En 1954, les quatre diocèses gravitant autour du berceau de Saint Léon IX (Strasbourg,Metz, Nancy et Saint Dié) ont célébré par de grandes fêtes le IXèmecentenaire de sa mort. Une messe pontificale fut chantée le 14 novembre, à la basilique d'Epinal, comme de juste.
L'iconographie de notre Saint reste assez pauvre ; raison de plus pour en recueillir les rares éléments. Sa plus ancienne représentation est l'enluminure d'un manuscrit messin de la fin du XIe siècle conservé à la Bibliothèque Nationale de Berne. Saint Léon IX y figure en ornements pontificaux, consacrant l'église abbatiale de Saint-Arnould de Metz. Il répond assez bien, vu sa date, au portrait que nous en trace le moine Dider du Mont Cassin : « Cestui Léon estoit moult bel et de stature seigneuriale ».
La collection de Mme Dussaux à Remiremont possède une statue de bois provenant sans doute du Chapitre et datant de la fin du XVIe siècle. Le Pape est assis à son trône, la tête ceinte de la tiare. La main droite, qui bénit, est chargée de deux anneaux, particularité rare, bien que prévue par la liturgie. On peut d'ailleurs y voir une aimable fantaisie de l'artiste, soucieux d'évoquer ainsi et l'épiscopat de Brunon et le pontificat de Léon IX. Auquel cas l'artiste anonyme serait incontestablement un Lorrain !
Un tableau du XVIIIe siècle, classé monument historique et conservé à l'église de Poussay, représente Saint Léon en pape, remettant à l'abbesse les constitutions du chapitre.
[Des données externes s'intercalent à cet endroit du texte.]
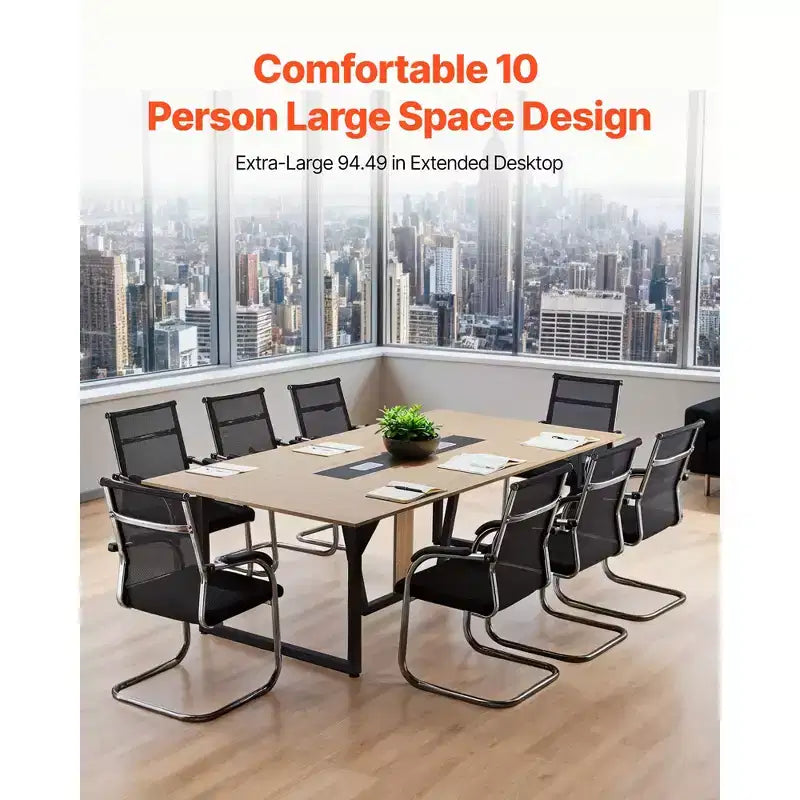 Table de conférence VEVOR, table de réunion de bureau de 2,4 m pour 10 personnes, bureau de séminaire rectangulaire moderne avec pieds en métal, grande table de réunion pour le bureau, marron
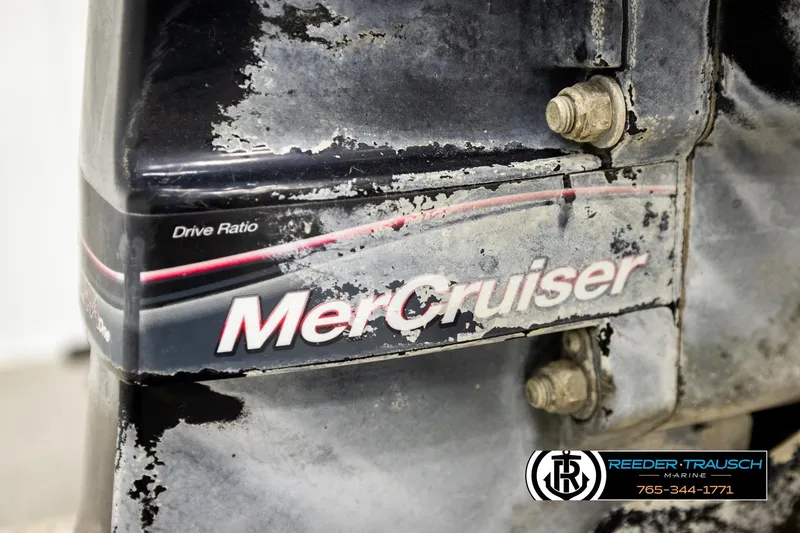 Slide: The Image of Close-up of a weathered MerCruiser engine part on a 2006 Sun Tracker Party Barge. - 41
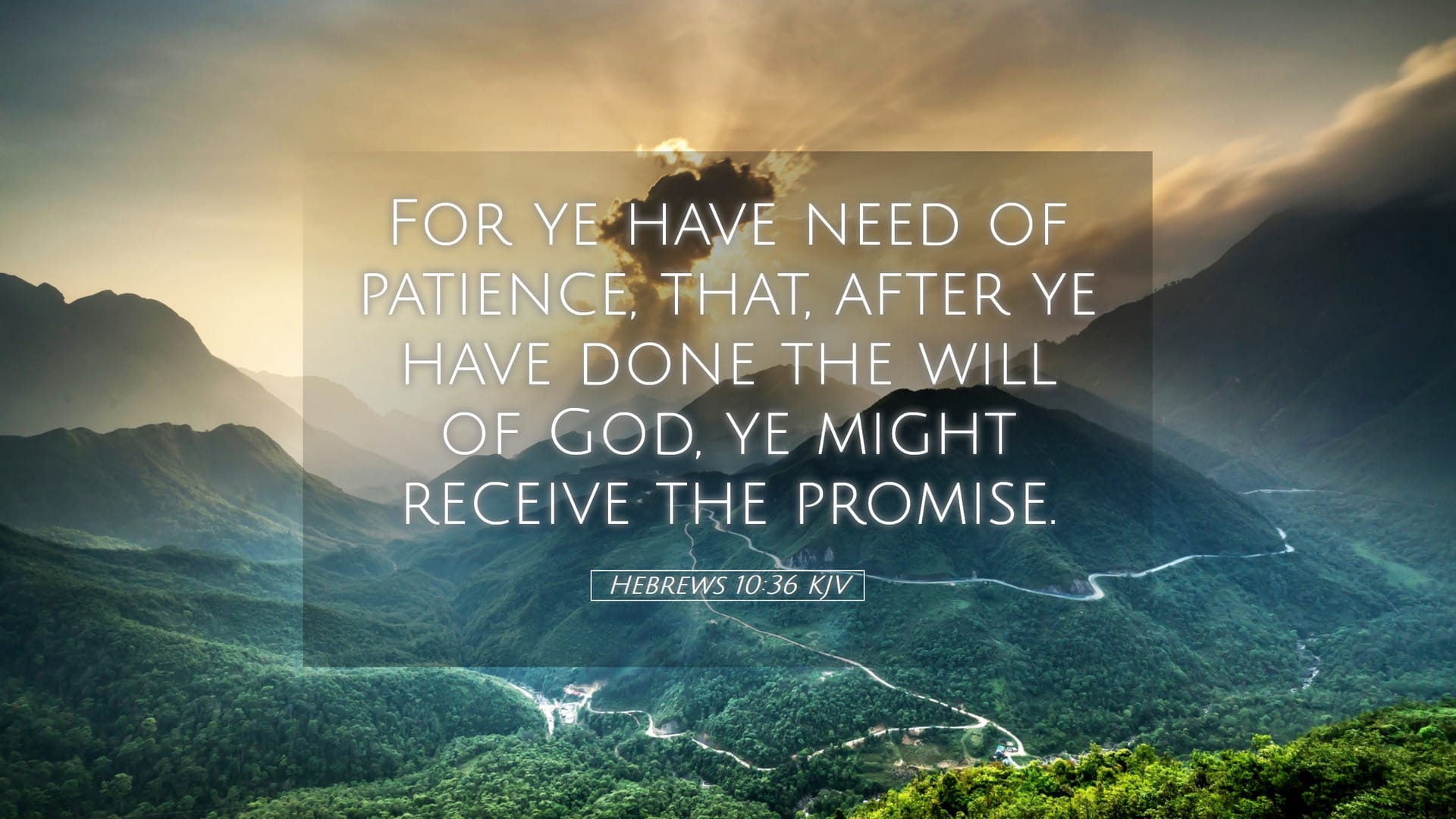 Hebrews 10:36 — Desktop (Landscape)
Tableau fort intéressant du point de vue documentaire : le Pape et sa suite, l'abbesse crosse en main et revêtue de son grand manteau d'hermine.
Dans la catégorie des arts mineurs, mentionnons d'abord les armoiries de Saint Léon IX, figurant sur le panonceau basilical de Saint-Maurice d'Epinal. Ce sont des armes parlantes : un lion de sable sur fond d'argent. Souvenir plus précieux, les archives des Vosges gardent un sceau de plomb, de 1049, finement gravé : entre chaque lettre de Leonis, s'insère une fleur de lys ; au revers s'épanouit une rose à huit pétales. Ne serait-ce pas la Rose d'or, instituée par le pieux Pontife, lors de son passage à Woffenheim, monastère alsacien qu'il affectionnait en souvenir de son père qui l'avait fondé ? Dans une lettre charmante, où perce une sensibilité d'artiste insoupçonnée, il explique lui-même le symbolisme et la destination de ce bijou. Depuis lors tous les Papes ont conservé cette poétique tradition et bénissent chaque année, le IIIe dimanche de Carême, cette Rose d'or qu'ils décernent ensuite soit à quelque princesse en témoignage d'estime, soit à une insigne église. Pie XI, par exemple, l'a remise en 1938 à l'Impératrice Zita de Habsbourg et Pie XII, en 1953, à la cathédrale de Goa (Indes portugaises), où repose le corps de Saint François-Xavier.